Cet érudit qui est de l’avis de Salaberry, “homme de mérite d’une
grande simplicité, fort instruit, et auteur d’un ouvrage latin très-estimé sur
l’agriculture”, dispose d'un cabinet de curiosités
-celui-ci renferme notamment une collection de minéraux- qu'il fait visiter à
Salaberry. Ce dernier en parle avec beaucoup d'admiration et en profite pour
remarquer que les villes minières de la Haute-Hongrie et de la Transylvanie
figurent parmi les contrées européennes les plus riches en minéraux[xxii].
Les témoignages des
prisonniers de guerre français sur la vie quotidienne dans le Royaume de
Hongrie à la fin du dix-huitième siècle
L’histoire des premiers prisonniers de guerre de la Révolution
hongroise constitue assurément une page spéciale et particulièrement
intéressante de l’histoire des relations franco-hongroises. À cette époque, ce
sont à peu près mille officiers et dix mille sous-officiers et simples soldats
français qui ont été acheminés vers le Royaume de Hongrie. Les sources dont il
va être question permettent de compléter nos connaissances dans le domaine de
l’histoire militaire autant que d’accroître nos savoirs sur la vie quotidienne
des prisonniers français, sur leurs relations avec la population hongroise et
avec les autorités civiles.
Quoique la guerre ait été déclarée en Autriche le 20 avril 1792,
la problématique des premiers prisonniers de guerre apparaît seulement un an
après, en 1793. Avec l'avancée de l'armée de Cobourg, le nombre des prisonniers
français augmente de jour en jour. Au moment de la prise de Condé,
Valenciennes, Le Quesnoy, ces soldats ne sont plus des simples mercenaires mais
de vrais patriotes, des révolutionnaires et des agitateurs, bref, des messagers
de la Révolution.
La force de la nation et le défi d’une guerre idéologique
choquent la vieille Europe. Le problème des prisonniers de guerre deviendra un
problème politique de première importance. Pour le résoudre, on invente le
prototype du camp de prisonniers isolés, placé loin du pays d’origine et facile
à surveiller, capable d’accueillir un grand nombre d’individus.[xxiii]
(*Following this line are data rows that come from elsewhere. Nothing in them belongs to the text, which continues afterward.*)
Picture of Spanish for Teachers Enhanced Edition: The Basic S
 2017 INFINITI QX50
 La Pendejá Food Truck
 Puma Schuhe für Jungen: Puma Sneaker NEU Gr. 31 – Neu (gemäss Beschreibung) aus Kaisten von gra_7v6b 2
On s’est donc mis à rénover les casernes, on a enregistré leur capacité
d’accueil. Malgré tout cela, leur installation, les problèmes sanitaires et les
inconvénients politiques posent, considérés ensemble, de sérieuses difficultés
aux autorités militaires[xxiv].
L’intensité des activités militaires révèle rapidement les
insuffisances des plans d’installation. Le Conseil de Guerre Suprême prévoit
par exemple l’installation dans ces camps de quatre mille prisonniers français
dès l’été 1793. Or les rapports de l’époque font déjà mention de plus de sept
mille hommes, et en octobre, c’est un chiffre beaucoup plus élevé encore qui
est avancé : il faut enfermer onze mille individus[xxv].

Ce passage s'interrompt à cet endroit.